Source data
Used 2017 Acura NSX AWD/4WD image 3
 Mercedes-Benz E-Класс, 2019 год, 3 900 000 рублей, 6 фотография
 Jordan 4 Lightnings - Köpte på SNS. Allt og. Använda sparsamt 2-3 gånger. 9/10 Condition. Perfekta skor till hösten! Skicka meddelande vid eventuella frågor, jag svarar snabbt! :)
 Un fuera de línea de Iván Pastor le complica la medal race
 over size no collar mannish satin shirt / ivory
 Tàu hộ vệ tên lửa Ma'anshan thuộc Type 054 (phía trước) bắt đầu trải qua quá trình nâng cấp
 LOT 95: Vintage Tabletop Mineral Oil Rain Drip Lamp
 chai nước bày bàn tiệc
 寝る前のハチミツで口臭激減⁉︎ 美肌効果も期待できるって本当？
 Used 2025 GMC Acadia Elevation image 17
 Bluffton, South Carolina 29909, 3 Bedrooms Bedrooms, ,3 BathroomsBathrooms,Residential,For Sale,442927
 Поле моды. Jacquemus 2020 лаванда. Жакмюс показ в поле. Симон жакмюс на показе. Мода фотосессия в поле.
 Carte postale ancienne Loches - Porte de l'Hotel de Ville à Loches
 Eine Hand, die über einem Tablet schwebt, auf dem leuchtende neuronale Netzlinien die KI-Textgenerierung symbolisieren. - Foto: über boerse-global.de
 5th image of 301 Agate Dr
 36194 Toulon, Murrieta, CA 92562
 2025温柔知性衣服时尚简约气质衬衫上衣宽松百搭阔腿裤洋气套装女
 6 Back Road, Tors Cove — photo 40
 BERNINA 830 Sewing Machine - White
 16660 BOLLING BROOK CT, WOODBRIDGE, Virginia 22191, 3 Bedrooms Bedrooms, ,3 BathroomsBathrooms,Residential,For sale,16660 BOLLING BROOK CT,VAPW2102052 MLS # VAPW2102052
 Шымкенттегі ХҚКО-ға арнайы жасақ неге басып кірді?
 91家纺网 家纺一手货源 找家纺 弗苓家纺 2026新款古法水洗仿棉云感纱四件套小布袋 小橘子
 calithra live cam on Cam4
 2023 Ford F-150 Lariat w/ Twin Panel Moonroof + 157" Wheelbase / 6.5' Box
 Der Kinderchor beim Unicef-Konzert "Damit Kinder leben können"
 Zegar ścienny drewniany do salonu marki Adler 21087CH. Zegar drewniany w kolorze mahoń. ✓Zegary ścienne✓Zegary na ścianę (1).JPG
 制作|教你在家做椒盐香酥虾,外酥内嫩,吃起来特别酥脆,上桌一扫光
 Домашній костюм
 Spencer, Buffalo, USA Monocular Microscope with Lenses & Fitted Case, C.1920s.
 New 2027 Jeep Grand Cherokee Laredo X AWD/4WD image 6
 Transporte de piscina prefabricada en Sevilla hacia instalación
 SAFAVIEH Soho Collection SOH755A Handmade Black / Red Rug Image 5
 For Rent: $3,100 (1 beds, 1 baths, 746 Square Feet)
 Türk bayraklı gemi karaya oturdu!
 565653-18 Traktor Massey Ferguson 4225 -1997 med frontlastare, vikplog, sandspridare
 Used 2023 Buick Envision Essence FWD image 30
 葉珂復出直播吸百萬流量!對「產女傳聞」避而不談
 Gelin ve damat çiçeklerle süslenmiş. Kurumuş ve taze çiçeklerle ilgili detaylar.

TO DO: When you reach the line containing "New 2027 Jeep" in the data above, retype it and each line after it through the final one, exactly as written.

SOLVED PROBLEM:
 New 2027 Jeep Grand Cherokee Laredo X AWD/4WD image 6
 Transporte de piscina prefabricada en Sevilla hacia instalación
 SAFAVIEH Soho Collection SOH755A Handmade Black / Red Rug Image 5
 For Rent: $3,100 (1 beds, 1 baths, 746 Square Feet)
 Türk bayraklı gemi karaya oturdu!
 565653-18 Traktor Massey Ferguson 4225 -1997 med frontlastare, vikplog, sandspridare
 Used 2023 Buick Envision Essence FWD image 30
 葉珂復出直播吸百萬流量!對「產女傳聞」避而不談
 Gelin ve damat çiçeklerle süslenmiş. Kurumuş ve taze çiçeklerle ilgili detaylar.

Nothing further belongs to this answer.